I like them year round as well. I have alot of fish frys and no one ever complains.


----------



## JJZFlash (Jul 16, 2009)

you think the crappies are soft up here, you should try them from kentucky. now those were soft and mushy. ya 12 hour drive for a cold front and soft crappies wont be going back any time to soon lol
:lol:


----------



## esox lucius (Jan 28, 2009)

I only keep them when caught through the ice. Fillet, chill in ice water then dry and freeze. When its fish dinner time, thaw, beer batter fry. They always taste good.


----------



## Ugly Stick (Mar 25, 2004)

9mmruger1 said:


> I love em. I keep them all year round. Fillet, cut out the lateral line bones, immerse in ice cold salt water over night and fry up in drakes. Yummie. They are softer than a gill however. Gills are better, but I won't turn down a crappie anytime, unless it's too small.

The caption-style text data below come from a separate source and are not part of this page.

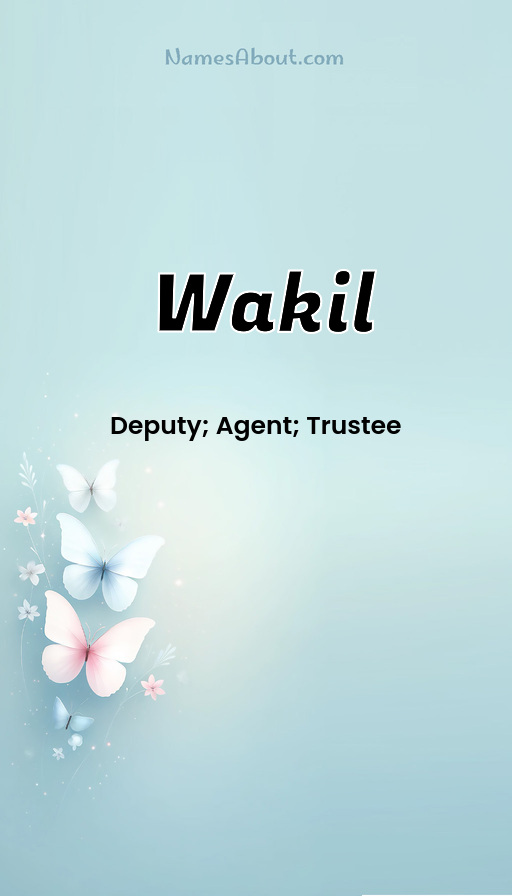 Meaning of Wakil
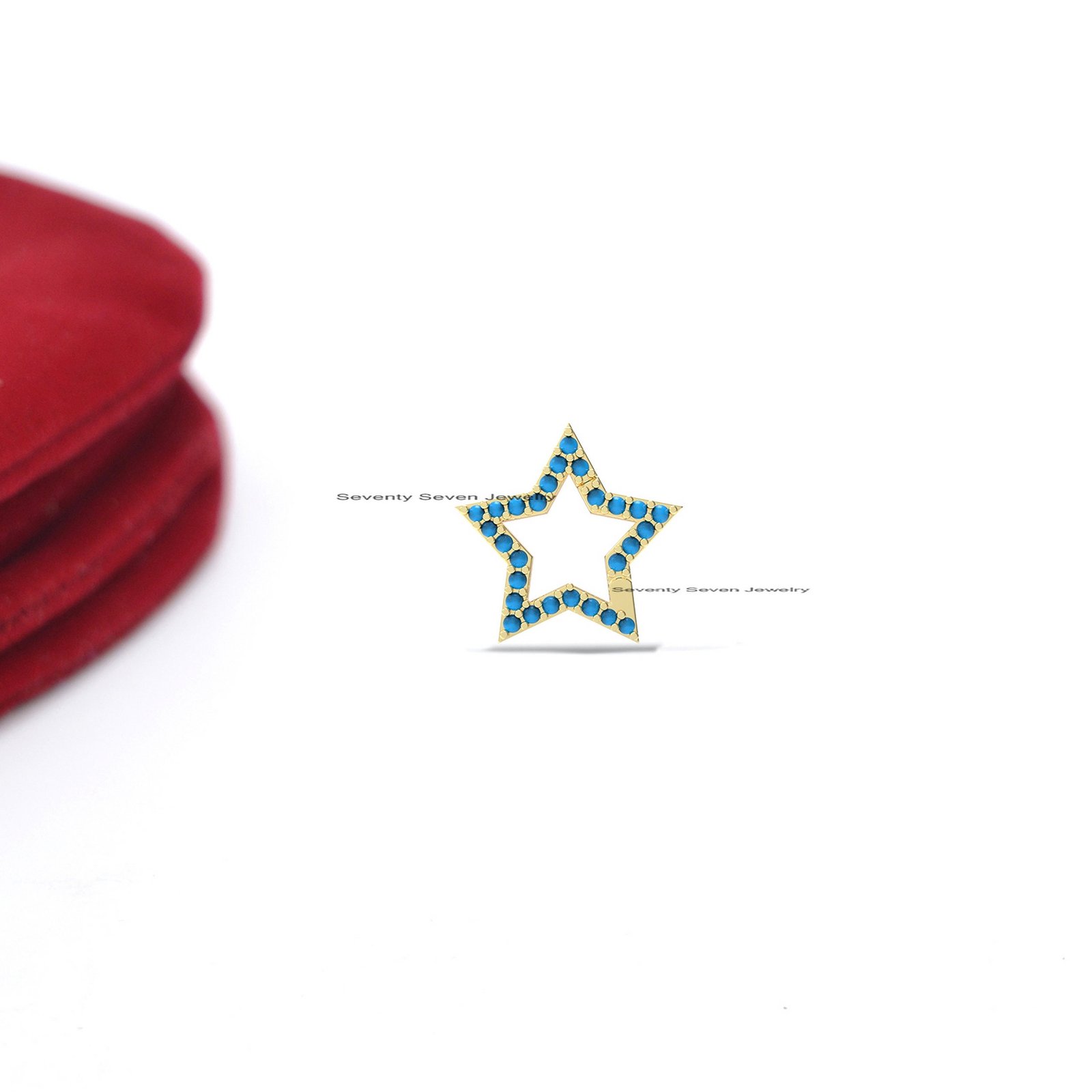 925 Silver Diamond Star Charm Holder: Enhancer Lock Pendant - View 5 - Seventy Seven Jewelry | SKU: SSMJH722-SLYGTQ-2026 925 Silver Diamond Star Charm Holder: Enhancer Lock Pendant - View 5 - Seventy Seven Jewelry | SKU: SSMJH722-SLYGTQ-2026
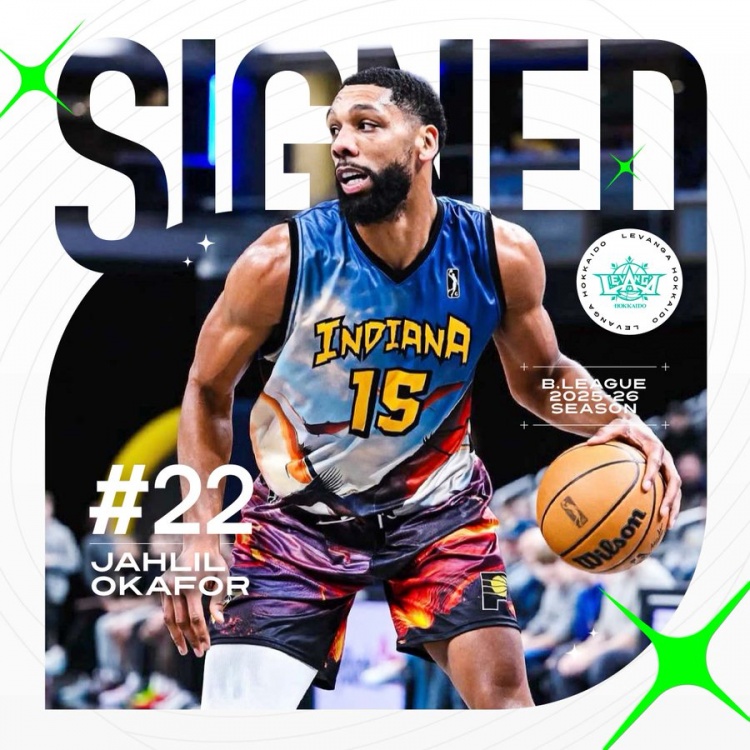 15年NBA探花&CBA舊將！奧卡福加盟日本B聯(lián)賽俱樂部北海道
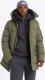 Kurtka męska Ombre Outdoorowa długa męska kurtka parka   oliwkowa V4 OM-JALJ-0201 L 3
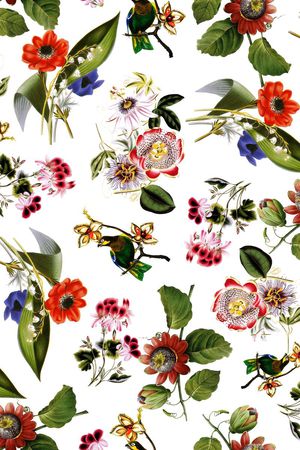 清新印花华亿平台图片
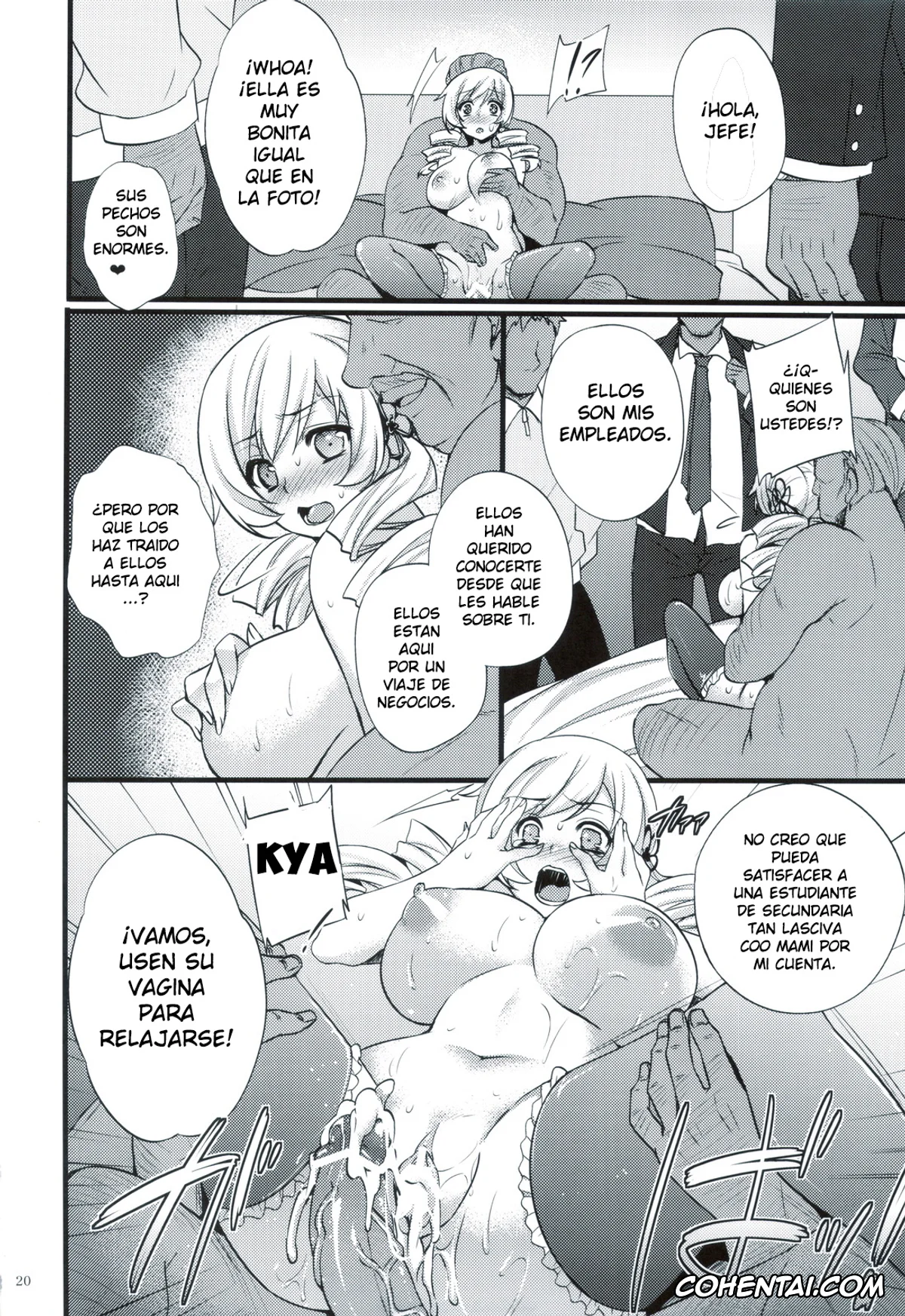 Puella Magi Madoka Magica xxx, Mami Tomoe xxx, Tomoe Mami wa Majo dearu (Puella Magi Madoka Magica), pagina 19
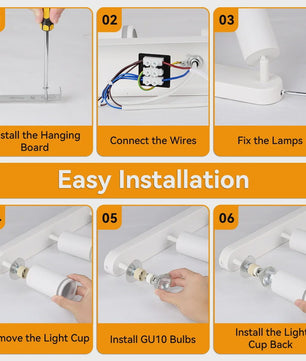 Verstelbare GU10 LED Spot Plafondlamp - Keuze uit 2, 3 of 4 Spots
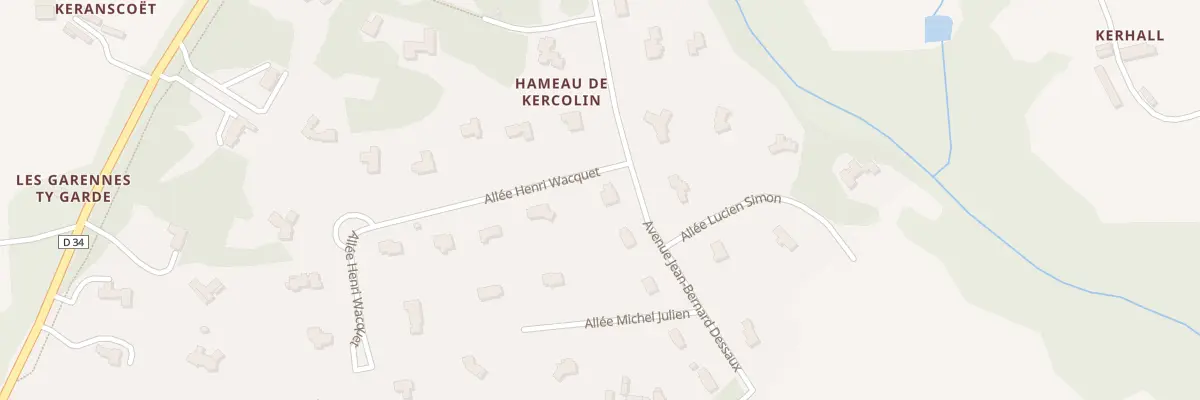 Plan du 20 Av Jean Bernard Dessaux à Clohars-Fouesnant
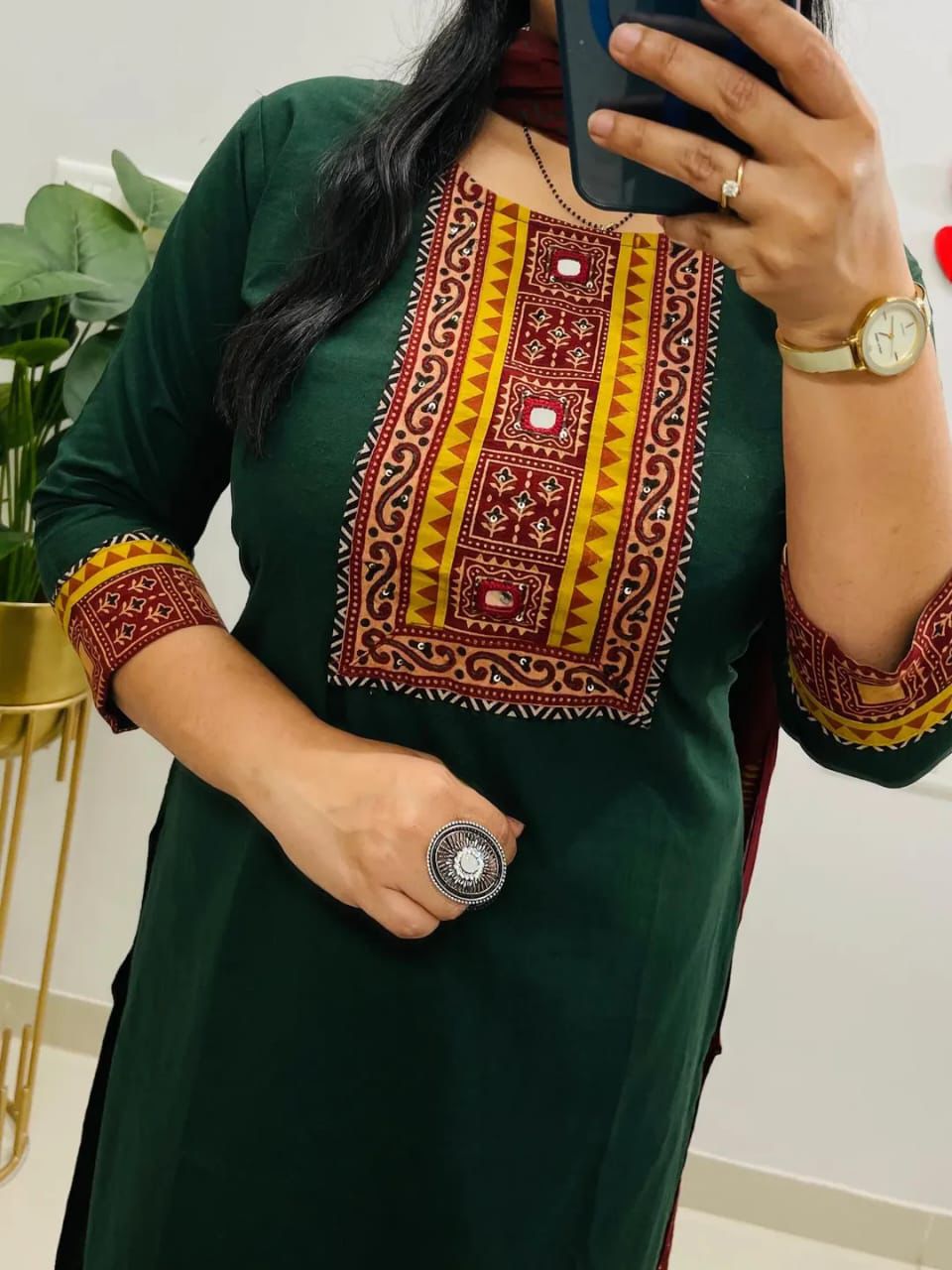 Women Printed Cotton Kurta Pant Dupatta Set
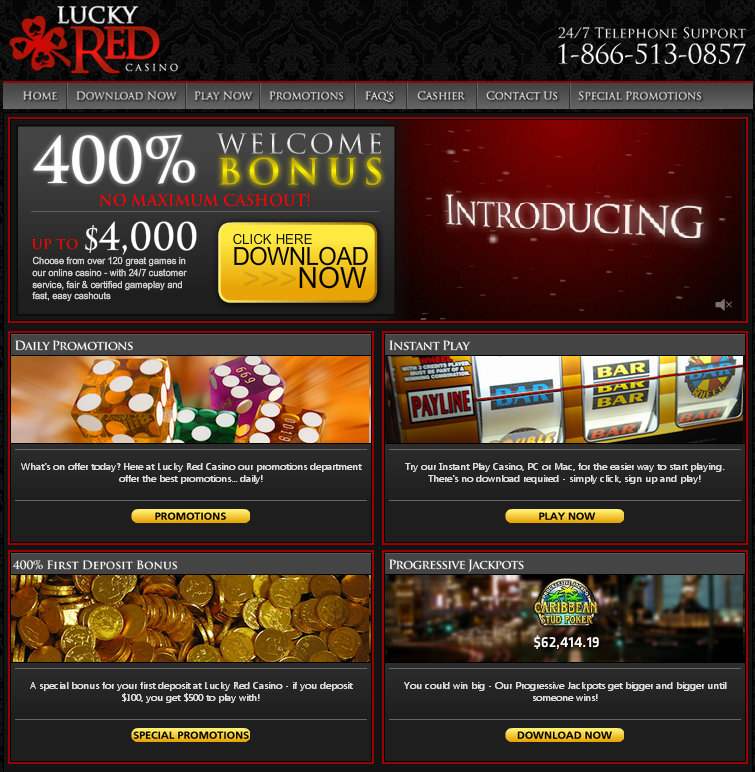 Lucky Red Casino | $30 No deposit bonus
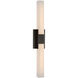 Kelly Wearstler Covet LED 4.5 inch Bronze Double Bath Light Wall Light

That's exactly how I do it to a tee. I soak every fish I catch overnight in saltwater unless it is going right to the fryer.


----------



## bassman00 (Feb 6, 2007)

thanks for all the inpuy guys. I caught some the other day, iced them in the fridge overnight, cooked in high temp. fast and they turned out much better that my previous batch.


----------



## WHITE-DEER-SLAYER (Oct 12, 2009)

Crappies are great! Saltwater over night and then soak in milk, then fry.


----------



## Crappie Depot (Jul 6, 2007)

To speak ill on Crappie is blasphemy. Pomoxis Nigromaculatus is a delicacy to only be enjoyed by the most skillfull and complete fisherman. If this fine fish is distateful to you, it because the Gods have not bestowed upon you the blessing to be able to totaly master this fine speciman from the lake all the way to the skillet. Shame be upon you. CRAPPIE 4 LIFE and perch too!...:lol:


----------



## Team Extreme Ice (Jan 9, 2010)

We caught a mess of them today on a private lake in freeland and was told to sprinkle salt on them then rinse in vinegar water but not sure if it works or not plan on fryin them up tomorrow.


----------



## Chrome steel (Apr 6, 2003)

I would skip out on the vinegar fish eww, fish will soak up that flavor easily no good. Also people usually soften venison steaks with venison it may just make your crappie fillets more mushier?


----------